La pertenencia, relación e introducción de líderes evangélicos y religiosos dentro del Gobierno constituye un daño letal a la integridad, función, misión y papel profético de la iglesia a favor de la sociedad.
Es bien sabido que en lugar de ejercer una influencia de presión con la crítica, exhortación y orientación dentro del poder, estos representantes de la comunidad cristiana lo que hacen es someterse a los intereses de los manejadores de la cosa pública.
Y mientras más corrupto sea un gobierno, peor es la situación.
En una palabra, la iglesia lamentablemente está callando lo que debe combatir con su discurso de llamado a la ética, a la moral y los buenos principios.
Eso es muy dañino para la integridad de la obra y la defensa de los intereses del mismo pueblo.

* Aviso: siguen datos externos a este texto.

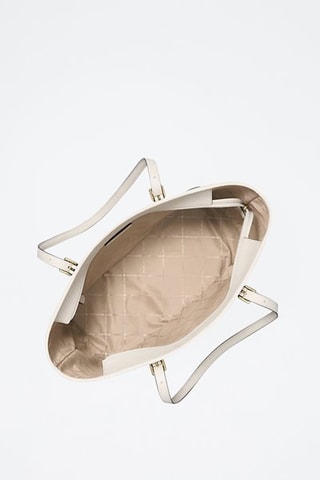 Leren Shopper - Crèmekleurig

Ya pocas cosas quedan al lado de los pobres y de los que virtualmente no tienen voz.
Históricamente ha sido siempre un peligro la unión estrecha entre el Estado y la religión.
Cada uno debe estar en su lugar.
En este intento antinatural de unión, siempre es la religión y el mismo pueblo los que más pierden.
La fuerza política tiene la capacidad de avasallar, de arropar y de llevarse todo por delante.
Y la forma en que se está practicando la política hoy día, acelera aún más el peligro.
Los que controlan el poder quieren retenerlo valiéndose de todas las artimañas posibles.
Por tal razón, nunca habrá escrúpulos para buscar la manera de mancillar o corromper a cualquiera que pueda contribuir con esto.
Las iglesias y el campo religioso han sido vistos como un recurso que debe capitalizarse en término electoral.
La mejor forma ha sido tratar con los cabezas ofreciéndoles facilidades, posiciones y recursos amañados.